TASK STATEMENT:
Please find the line that holds "Camicette: Rosa Bluse" below and reproduce it, along with every line after it through the end, exactly and without pictures.

[Records from a data collection]
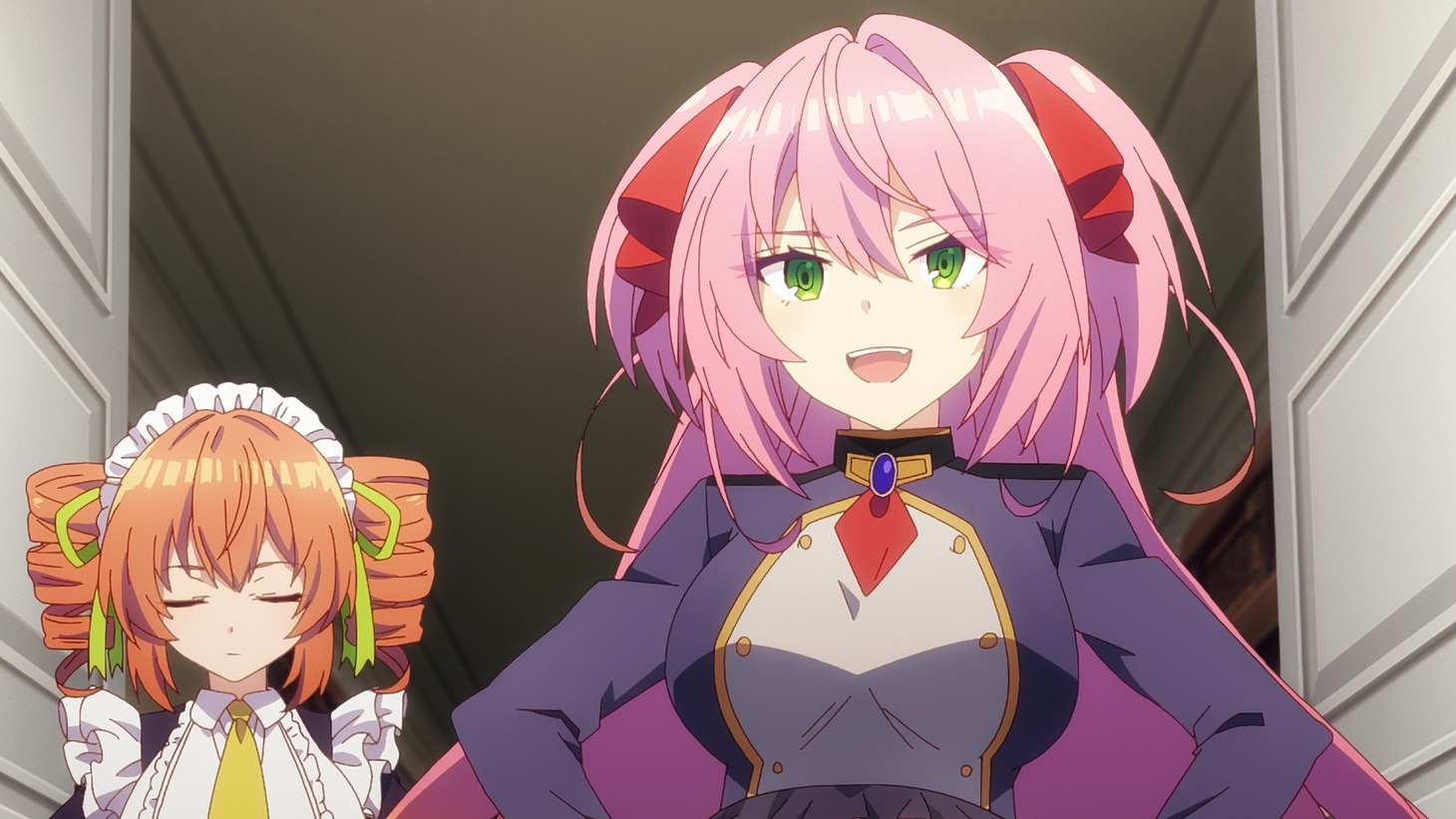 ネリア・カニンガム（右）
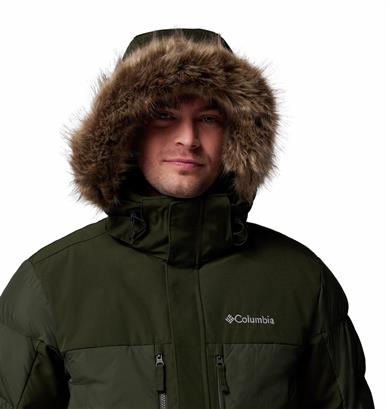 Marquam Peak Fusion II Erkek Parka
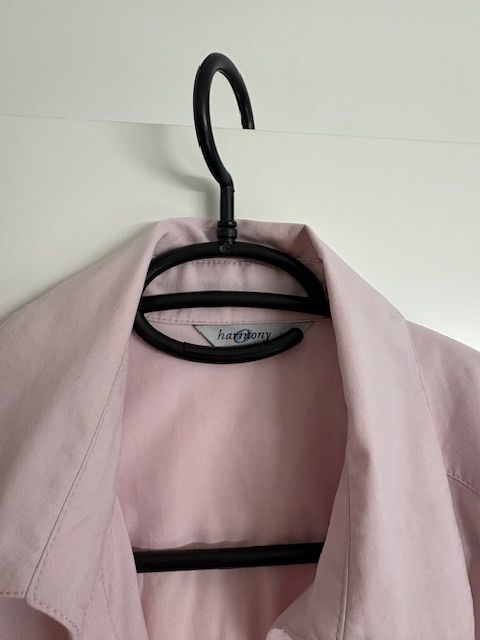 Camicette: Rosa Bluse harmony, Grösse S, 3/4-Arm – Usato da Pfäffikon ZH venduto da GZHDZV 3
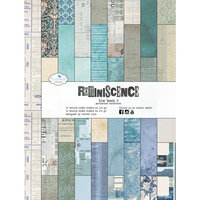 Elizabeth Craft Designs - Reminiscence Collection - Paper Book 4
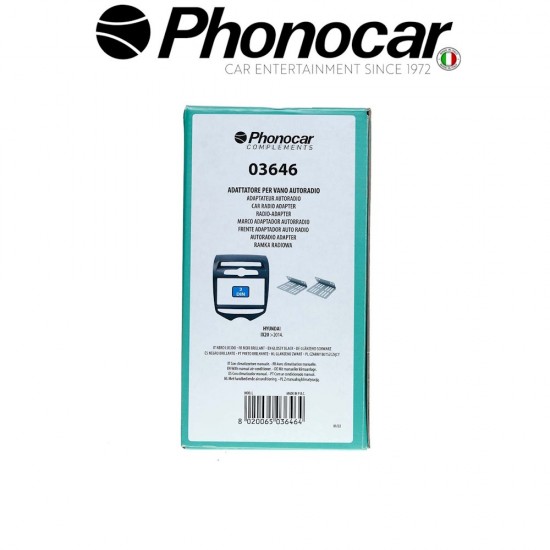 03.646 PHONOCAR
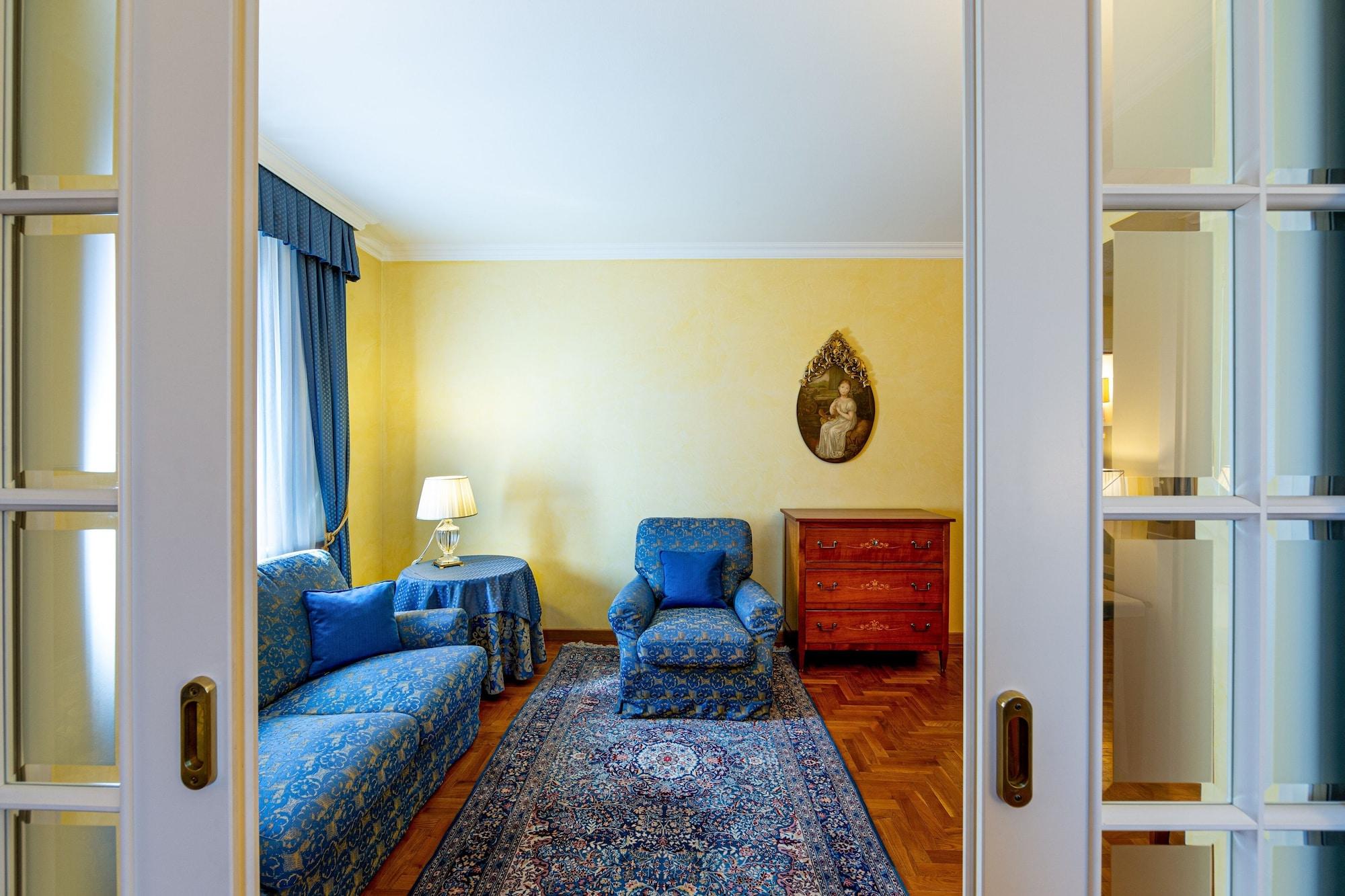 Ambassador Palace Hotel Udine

ANSWER FOR THIS EXERCISE:
 Camicette: Rosa Bluse harmony, Grösse S, 3/4-Arm – Usato da Pfäffikon ZH venduto da GZHDZV 3
 Elizabeth Craft Designs - Reminiscence Collection - Paper Book 4
 03.646 PHONOCAR
 Ambassador Palace Hotel Udine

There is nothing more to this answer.